Dealing with the pain of change
The opposite day certainly one of my meditation college students wrote, asking for some recommendation. She was having to downsize and transfer right into a smaller condo. And this meant that she couldn’t maintain on to a few of her household heirlooms, like her mom’s marriage ceremony china. It additionally meant that her teenage son wouldn’t be capable to proceed dwelling together with her. That final half was notably painful.
So I wrote the next in response:
It’s arduous to let go of issues, and to have relationships change, so I can recognize why you’re struggling.
The adjustments you’re going by means of are distinctive to you, even when others have been by means of comparable experiences, so I provide the next solely as stuff you would possibly take as a place to begin on your personal reflections.
Is there something you’re wanting ahead to concerning the transfer? It may be that you could give attention to issues like creating extra of a way of simplicity in your life, or creating a brand new house round you that helps aspirations you could have. If there are issues you may sit up for, then specializing in these would possibly assist shift your perspective concerning the transfer.
Paradoxically, I discover myself with an excessive amount of “stuff” in the mean time. When Teresa and I moved in collectively, we ended up with duplicate furnishings. Some we removed, however we ended up with two eating tables and no room for both of them, and they also’re in storage in our basement. I look within the basement and see all of this muddle, and I generally assume that if all of it disappeared sooner or later I most likely wouldn’t discover for weeks, since I rarely have a cause to go down there, and that if I did occur to stroll into an empty basement I’d be happy! So actually we must always eliminate all that stuff, however until we had been shifting once more there’s actually no motivation to take action.
Anyway, I do like to think about the liberty and lightness that comes from not being burdened by issues I’ve however don’t use. I don’t know if that’s one thing that you may additionally embrace.
I generally additionally take into consideration the truth that sooner or later I’m going to die, and that, as they are saying, you may’t take it with you. Who would have your mom’s marriage ceremony china when you’ve handed away? If there’s nobody apparent who would take it, you then would possibly take into consideration what the distinction is between giving it away now and it being given away when you’re useless.
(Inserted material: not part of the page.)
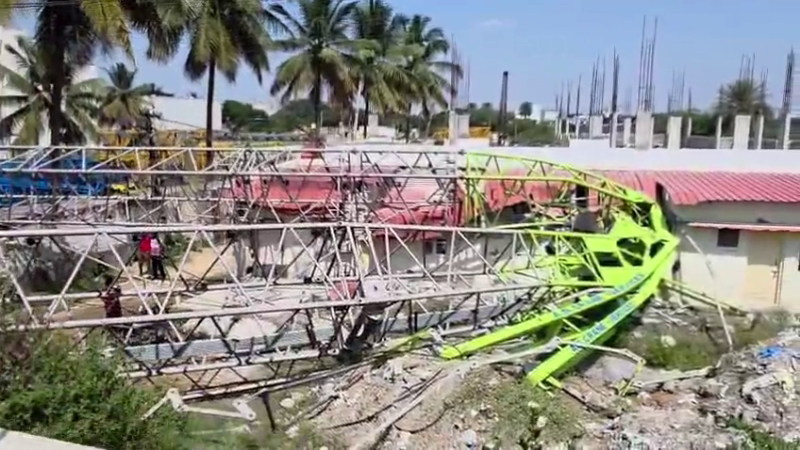 Crane Falls Injured 5 in Bengaluru Medahalli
Benefits to passing it on now (even to strangers) can be that you simply’d know another person was having fun with it, that you simply’d given them this present, and that you simply’d be in command of the place it goes. When you die, none of these issues can be attainable.
With regard to your son, I’m wondering in the event you may consider sending him out into the world as a person? Is there a way you may construct as much as ritually or ceremonially marking and celebrating this transition in his life? I can think about, for instance, that it will be pretty to create a guide of knowledge teachings (perhaps accompanied by images of the 2 of you) that would information him as he goes into the world and stay as a tangible file of his transition. One thing like which may provide you with a optimistic focus that mitigates the struggling of the change.
As I mentioned, I’m simply throwing some concepts on the market. I’d be actually fascinated to listen to what you provide you with your self.
What has helped you get by means of painful intervals of change? Why not share within the feedback beneath.